ANZ is upping the volume on China as it looks to nurture its region-wide strategy.
There’s value in knowing who you are. In an interview with Global Finance at SIBOS in Singapore, Carole Berndt, managing director and head of global transaction banking at Australia’s ANZ uses the term super-regional to describe ANZ’s business model and reach.
“We have a competitive advantage because our home market—Asia-Pacific—is truly home.
Multinational customers, particularly those based in growing Asia, know from experience that banks typically fall back to their home markets in times of market turmoil.
“Since our home market is here,” says Berndt, “we have a competitive advantage. They know that all our focus is on this region.”
Berndt, who described herself as a “hardened transaction banker,” said that ANZ would continue to build on its already strong Asian roots.
The Australian bank launched its region-wide strategy in 2007 under current chief executive Mike Smith, who announced his retirement in October.
Shayne Elliott will take up Smith’s post early next year, and has hinted that the bank’s Asian strategy will embrace a larger client base.
Reuters reported on Tuesday that Andrew Géczy, CEO, international and institutional banking at ANZ says this means engaging new borrowers in China that are not “just the very, very top state-owned enterprises and the top multinationals.”
This could mean increasing loan exposure in China and lending for long durations.
ANZ’s presence in China is already formidable.
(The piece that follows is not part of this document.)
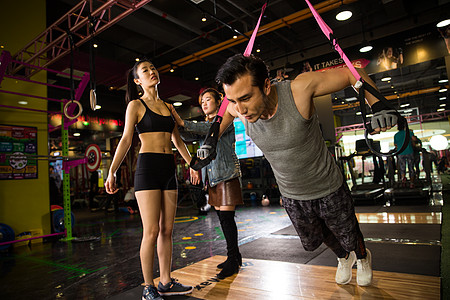 从3岁求参赛到欧冠破门！埃斯特旺的纯正桑巴征服切尔西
Berndt says that the bank has 300 people in total working on the mainland, which is large for any major financial institution.
ANZ was one of the 19 banks selected by the People’s Bank of China to participate in phase one of the China International Payments System, which was launched last week.
CIPS is a cross-border payments system for renminbi based partly on the US Clearing House Interbank Payments System, otherwise known as CHIPS.
Berndt says that clients in Asean are now looking for ‘smooth’ renminbi transactions as their businesses expand in the region and links to Chinese suppliers and customers grow.
She is a China bull. “People talk about a slowdown in China, but if 6% growth in the world’s second largest economy is a slowdown, then I’ll take it,” she says.
ANZ is expanding in Asean as well, having recently obtained a banking license in Myanmar.
Berndt says she plans to take customers there soon on a fact-finding mission. “It strikes me as a sensible way to understand what clients will need there,” she said.